Nairobi y Tokio fruncieron el ceño, la primera sorprendida de la quietud de la segunda al mando. Le sorprendía, y mucho, que siendo tan joven y vivaz fuera lo suficientemente madura como para encerrar sus preocupaciones y hacerles frente, como el resto de unos pocos años o varios más que ella, no parecían poder demostrar.
—El Profesor estará atando algún cabo suelto. No hay nada de qué preocuparse aún —la rubia le lanzó una mirada de reprimenda a su espalda—. De momento seguimos vigilando a los rehenes —alzó una copa hacia Roma, mientras hablaba, preguntando si gustaría tomar vino. Ella asintió, tentada—, e imprimiendo dinero con tranquilidad. Nosotros vamos a descansar un poco.

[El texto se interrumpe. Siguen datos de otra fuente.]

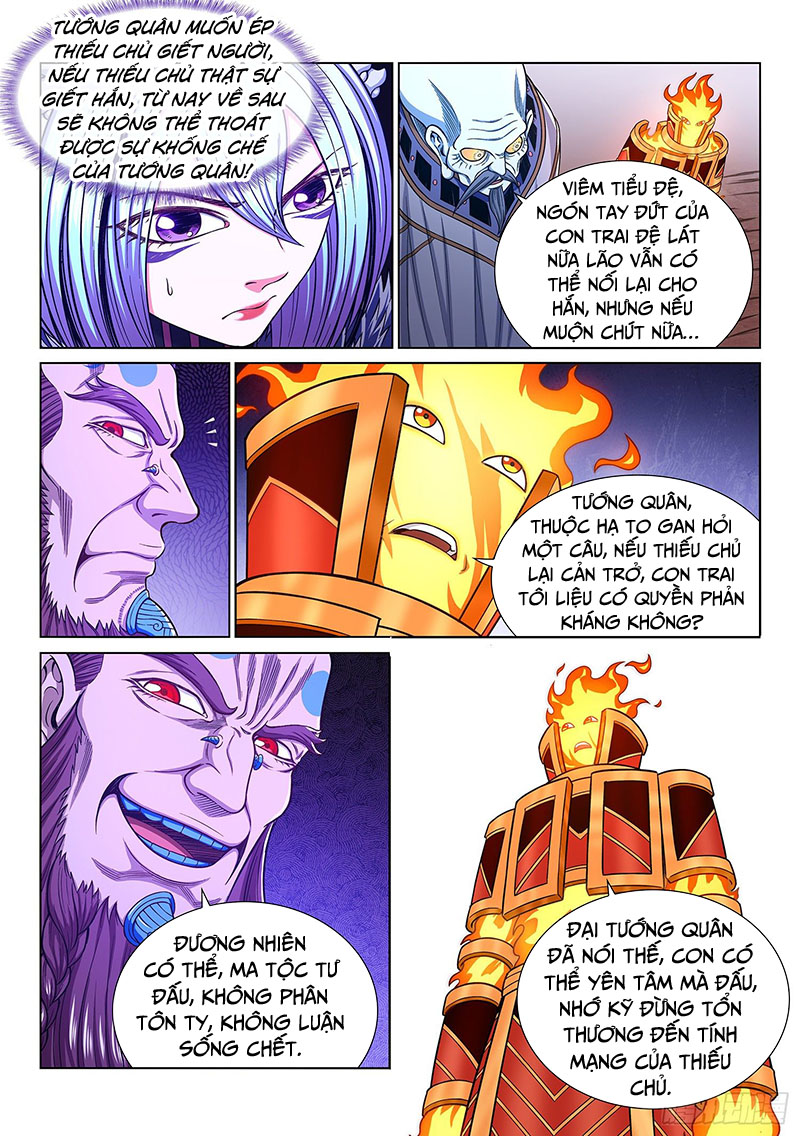 Ta Là Đại Thần Tiên chapter 337 - Trang 10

Roma fue a seguir a Berlín, cuando la voz de Tokio los detuvo. Por supuesto tenía que ser ella.
—Están de coña —la rubia suspira, tomando de las manos de su marido las dos copas vacías—. ¿Con el marrón que tenemos encima y se van a ir ahora a follar?

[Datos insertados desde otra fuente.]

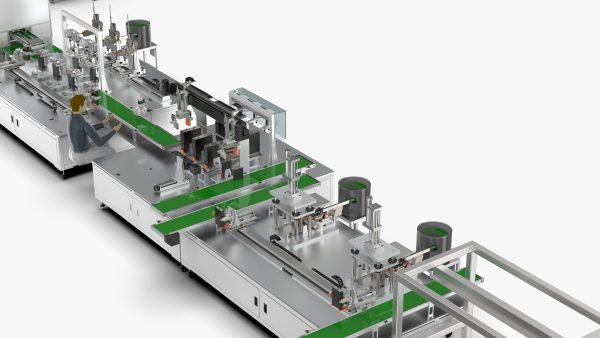 Automatic Soft Pack Battery Production Line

—Ay, Tokio, por favor —se queja Berlín girándose a ella. Violeta se coloca junto a él, dando suaves caricias a su espalda.
—¿Qué?
—No hay ninguna necesidad de que te pongas en plan ordinario. No te hace falta. No te sienta bien. Eso, primero. Y segundo, si mi mujer y yo tuviésemos que buscar algún aliado aquí, en esta banda, en términos hedonistas, esa serías tú —sonríe—. ¿Qué ha pasado con el Carpe Diem?
—Ha pasado —se acerca a él, retadora, haciendo que Roma vuelva a suspirar y se posicione un paso delante de Berlín, protectoramente—, que el plan se ha caído a putos pedazos y que a lo mejor a ti te da igual —lo golpea con el dorso el pecho, haciendo que el matrimonio la mire asqueado y ofendido—, porque estás desahuciado, pero a mí no.
Ambos asintieron, como si estuvieran escuchando sus palabras, cuando en realidad le estaban dando la larga. —Nos vamos.
—Hijos de la gran puta —se levantó Nairobi, aunque Roma sabía que no lo decía con total crueldad.
—Otra —Berlín rodó los ojos, pero se volteó a su compañera, al igual que Violeta.
—¿De verdad se van a ir a follar en este momento?
—Mejor nosotros que follar a un rehén —se defiende Roma, encogiéndose de hombros.
Nairobi se burló. —No hay nada más rastrero en esta vida que follarse a una rehén —concuerda.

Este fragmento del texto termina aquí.